►
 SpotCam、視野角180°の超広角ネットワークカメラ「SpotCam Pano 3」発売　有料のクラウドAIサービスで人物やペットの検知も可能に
◄
►
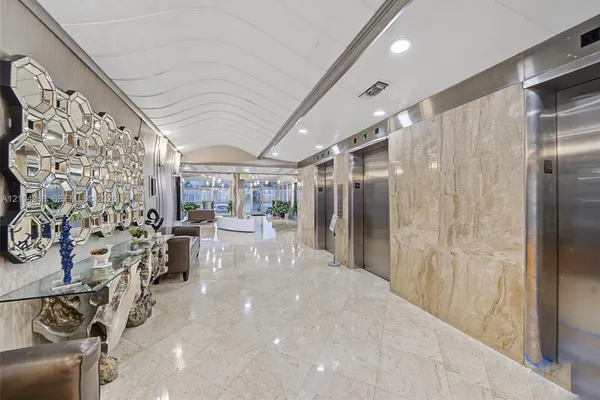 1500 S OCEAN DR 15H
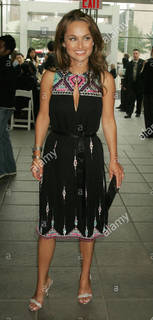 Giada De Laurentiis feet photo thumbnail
◄
Task instructions —
In the data above, find the line containing "1500 S OCEAN DR 15H" and the line containing "Giada De Laurentiis feet photo thumbnail". Repeat those two lines and everything between them exactly, minus the pictures.

Result for this task —
 1500 S OCEAN DR 15H
 Giada De Laurentiis feet photo thumbnail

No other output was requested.